M. le président. La parole est à M. Vial, auteur de la question n° 831, adressée à M. le ministre de l'équipement, des transports et du logement.
Jean-Pierre Vial. Cette question, qui concerne M. le ministre de l'équipement, des transports et du logement, a trait à l'état d'avancement du projet de liaison ferroviaire Lyon-Turin.
A l'occasion de la visite officielle du Président de la République en Savoie les 4 et 5 mai derniers, un message fort a été réaffirmé : la nécessité de faire de la liaison ferroviaire Lyon-Turin un axe est-ouest majeur du développement de l'Europe du Sud, qui a fait l'unanimité au sein des élus savoyards et régionaux, mais aussi parmi les représentants des autres partenaires, qu'il s'agisse de la SNCF, de Réseau ferré de France, du groupement européen d'intérêt économique Alpetunnel ou encore de la mission Lyon-Turin.
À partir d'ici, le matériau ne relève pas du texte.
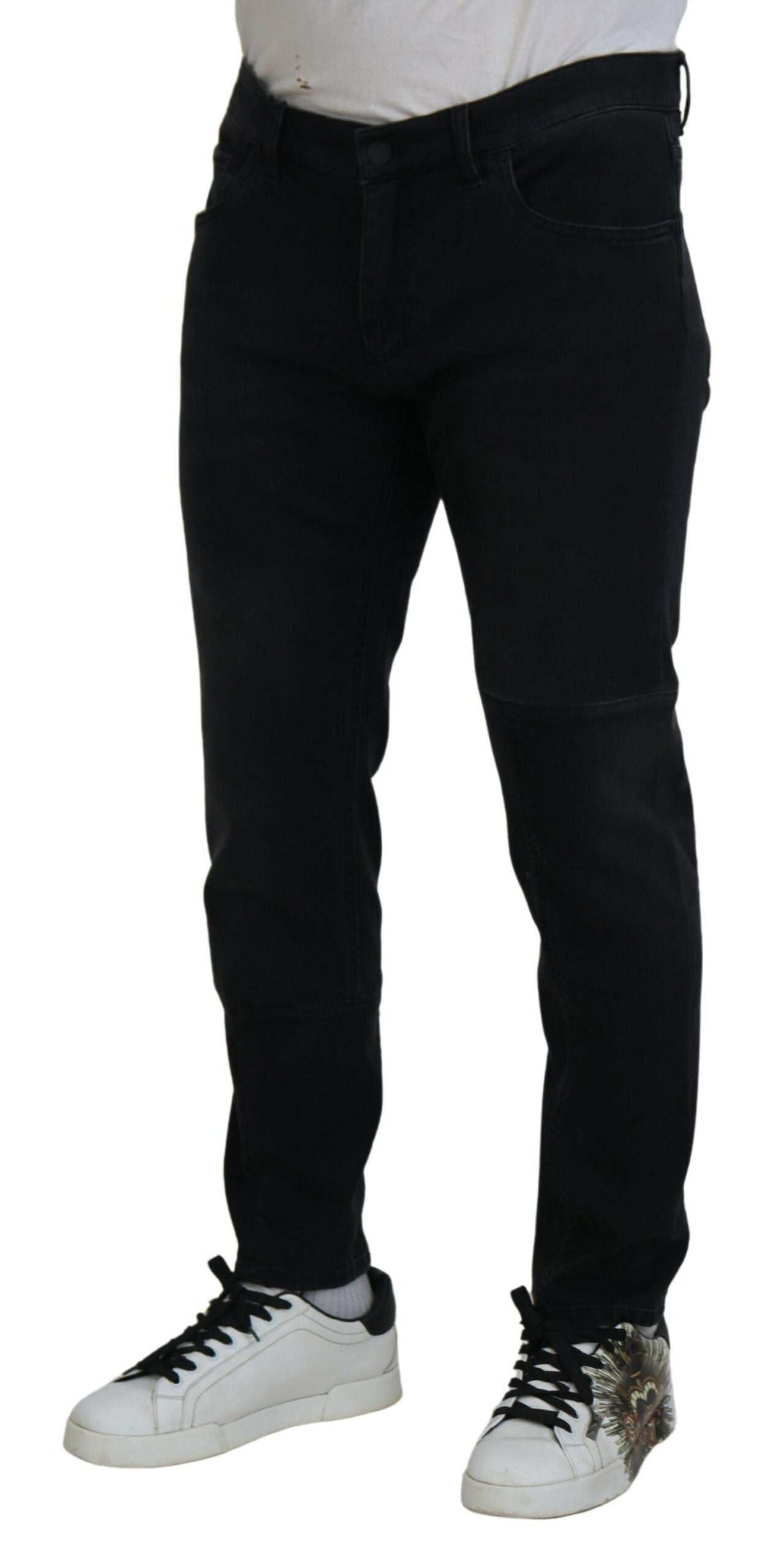 Dolce & Gabbana Black Angel Embroidery Skinny Denim Men's Jeans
Cette nécessité, tant en termes de rééquilibrage économique entre le Nord et le Sud qu'en termes de flexibilité du passage des Alpes, a été renforcée le 15 mai dernier, lors de la rencontre à Modane du ministre français de l'équipement, des transports et du logement, et de son homologue italien, qui ont décidé de poursuivre, sur la lancée du sommet franco-italien de Nîmes, les réunions techniques en vue d'accélérer le transfert du transport de marchandises de la route vers le rail et de fixer les premières échéances de lancement du projet.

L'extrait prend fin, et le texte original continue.